Fallen Time

Quote

You do not describe the past by writing about old things, but by writing about the haze that exists between yourself and the past. I write about the way my present brain wraps around my brains of smaller and smaller crania, of bones and cartilage and membrane. . . the tension and discord between my present mind and my mind a moment ago, my mind ten years ago. . . their interactions as they mix with each other’s images and emotions. There’s so much necrophilia in memory! So much fascination with ruin and rot! It’s like being a forensic pathologist, peering at liquefied organs!

—Mircea Cărtărescu, Blinding, translated by Sean Cotter.

[This struck me as worth reflecting on at length. For some reason it brought to mind something that stayed with me from Augustine about fallen time: experiencing time as a succession of self-erasing moments. I’m reading Blinding as preparation for reading Cărtărescu’s Solenoid, possibly next year.]

‘We have no models, we have only precursors’

It would be easy for this blog to become a whirlpool, rotating obsessively around a small handful of writers that, to my mind at least, carve out a highly individual niche; perhaps a series of whirlpools that interconnect only at the periphery, and in doing so twirl off creating other eddies and vortexes. That sounds like a description of my reading mind.
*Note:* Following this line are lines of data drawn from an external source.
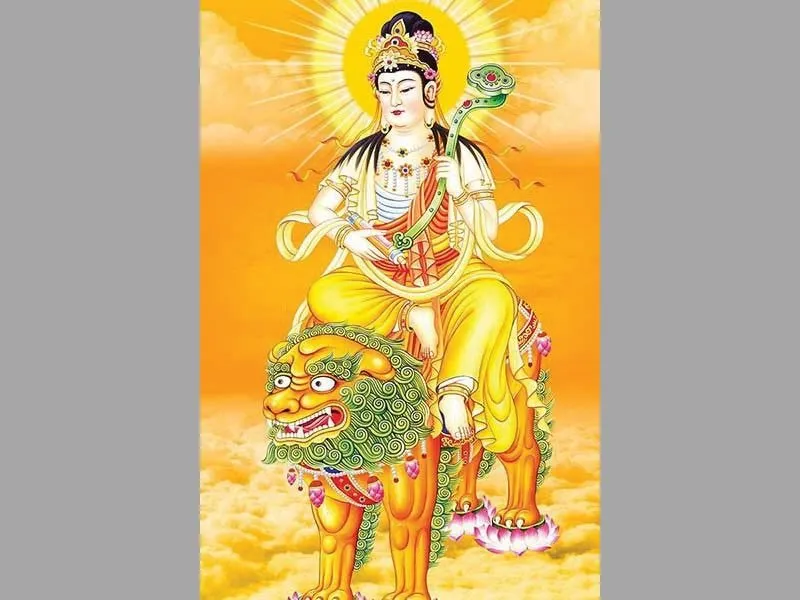 Văn Thù Sư Lợi Bồ Tát, hình ảnh Phật đẹp làm hình nền điện thoại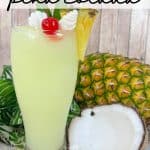 Nothing says summer quite like the Classic Pina Colada. Prepare this tasty beverage with a handful of ingredients and have it ready to enjoy, whether poolside, hanging out on the beach, or even at home with your family.
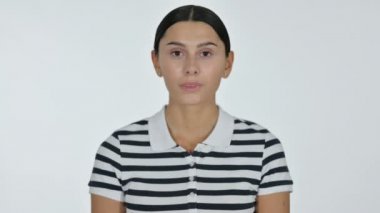 Ciddi Latin Kadın, Beyaz Arkaplan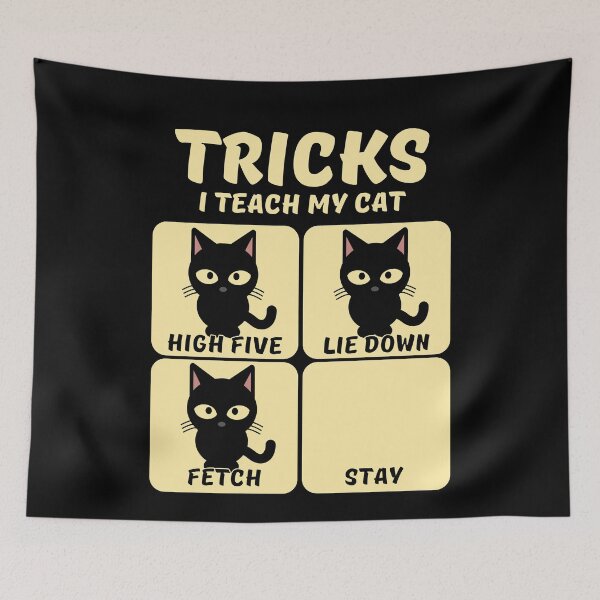 Item preview, Tricks I Teach My Cat - Funny Cat designed and sold by Rev-Style.
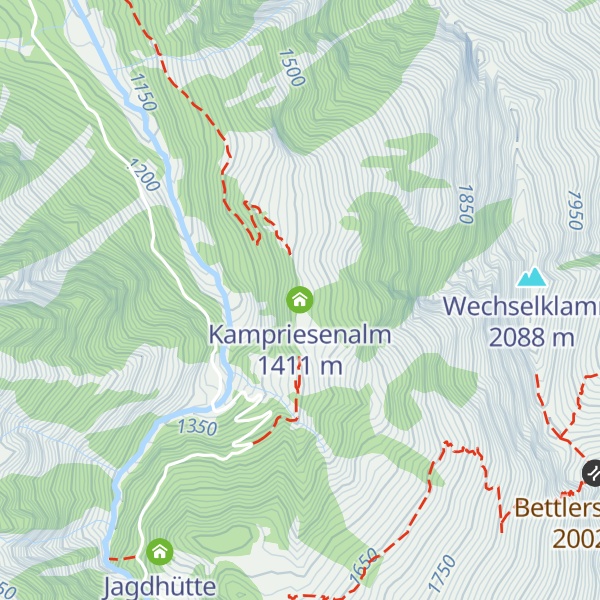 Map of Kampriesenalm
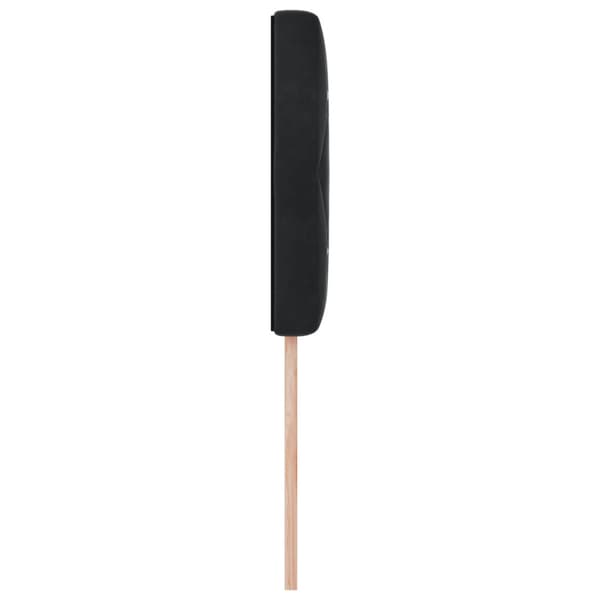 Huvudgavel Svart 100 cm Sammet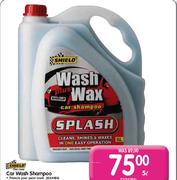 Shield Car Wash Shampoo-5Ltr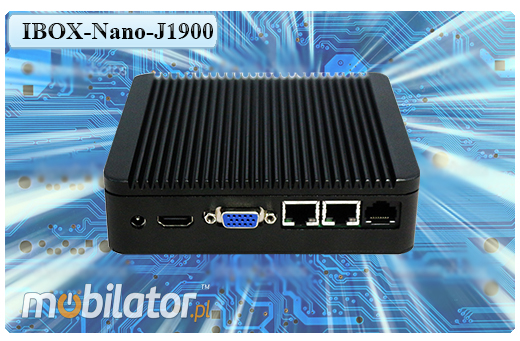 Industrial Computer Fanless MiniPC Nuc IBOX-Nano- J1900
Two writers I keep returning to over the last few weeks, at night particularly, trying to understand why these two have captured so much of my waking and dreaming attention.
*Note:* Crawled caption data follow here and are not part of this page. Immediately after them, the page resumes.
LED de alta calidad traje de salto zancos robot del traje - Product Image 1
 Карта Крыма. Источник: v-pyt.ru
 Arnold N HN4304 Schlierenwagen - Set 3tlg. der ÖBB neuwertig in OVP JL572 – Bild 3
What is it that draws close the writing of Mircea Cărtărescu and Maria Gabriela Llansol? They are both European writers in the broad sense that they call upon a common pool of themes, myths and visions. Their writing appears, from what is translated heroically into English, to be marked by a transgression of genre, seeking instead to dance in the spaces between realism, magical realism, poetry, essay and analysis. Both writers summon strange figures to an oneiric imaginary geography, slipping in and out of the dramatis personae that is above all a way of constructing a form of hermitic autobiography. One could argue that their novels’ narrative fabric exists primarily as a device for reflection. There is also the space in which their stories function, bound not by a common conception of time but spatially, an amazing world where time sags and slows, dissolving into seemingly bottomless holes.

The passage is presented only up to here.